Puerto Rico's civil law system means that wills are governed by the Puerto Rico Civil Code, not by the Uniform Probate Code used in most U.S. states. This creates important differences in how wills are executed, interpreted, and enforced.

The Puerto Rico Civil Code requires that a will be executed with specific formalities. A standard will must be signed by the testator (the person making the will) in the presence of at least three witnesses. All parties must sign the document in each other's presence. The testator must declare that the document is his or her will. These requirements are strict. A will that fails to meet them may be invalid, leaving your estate to be distributed according to intestacy laws rather than your intentions.

Puerto Rico also recognizes holographic wills, which are handwritten and signed by the testator alone, without witnesses. However, holographic wills are subject to strict requirements and are often challenged. They are generally not recommended unless circumstances make a formal will impossible.
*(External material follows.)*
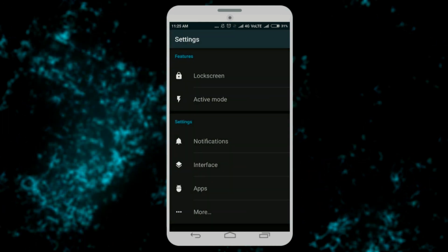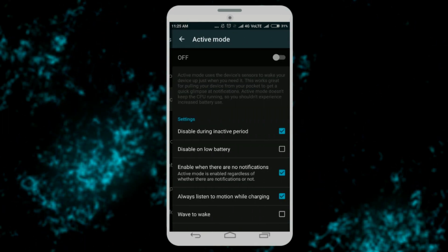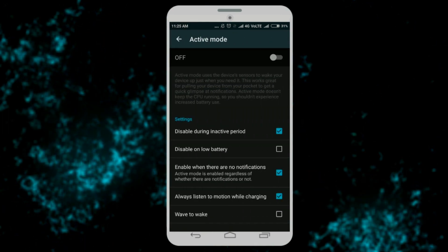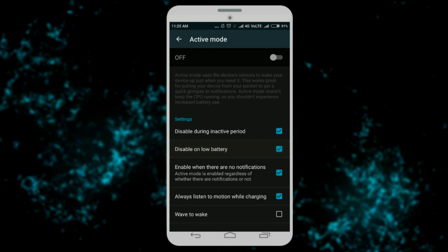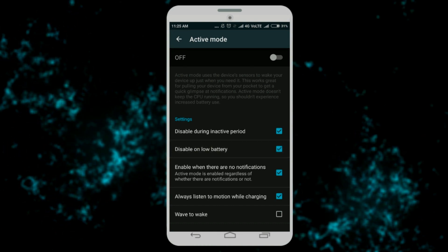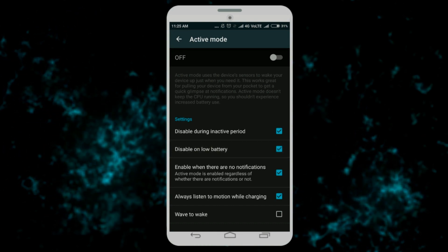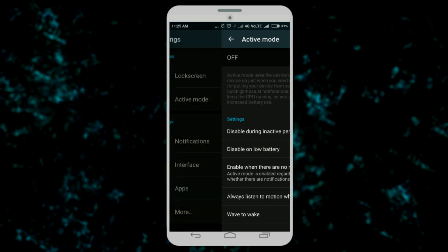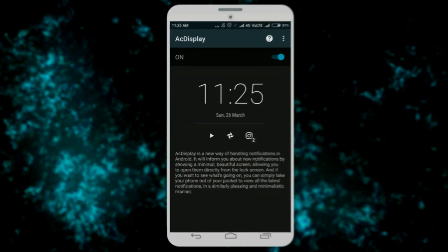Now come back to settings from there. Tap on active mode and then check the option disable on low battery. You can explore other various settings on AC Display. You just need to explore the app. That's it.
Another option is a notarial will, which is executed before a notary public and witnesses. This form provides additional legal protection and is often preferred for larger estates or complex family situations.

Key Differences Between Puerto Rico and Mainland Wills

If you have lived on the mainland and are now in Puerto Rico, your existing will may not be valid here. Several critical differences exist:

  • Witness requirements: Puerto Rico requires three witnesses; most mainland states require two.
  • Forced heirship: Puerto Rico recognizes the concept of forced heirs, meaning certain family members have a legal right to inherit a portion of your estate regardless of what your will says. This does not exist in most mainland states.
  • Community property: Puerto Rico does not recognize community property. Property acquired during marriage is generally separate property unless the spouses agree otherwise.
  • Probate procedures: Puerto Rico probate follows civil law procedures, which differ from common law probate in the mainland.
  • Language: While English wills may be accepted, Puerto Rico courts prefer wills drafted in Spanish or with Spanish translations.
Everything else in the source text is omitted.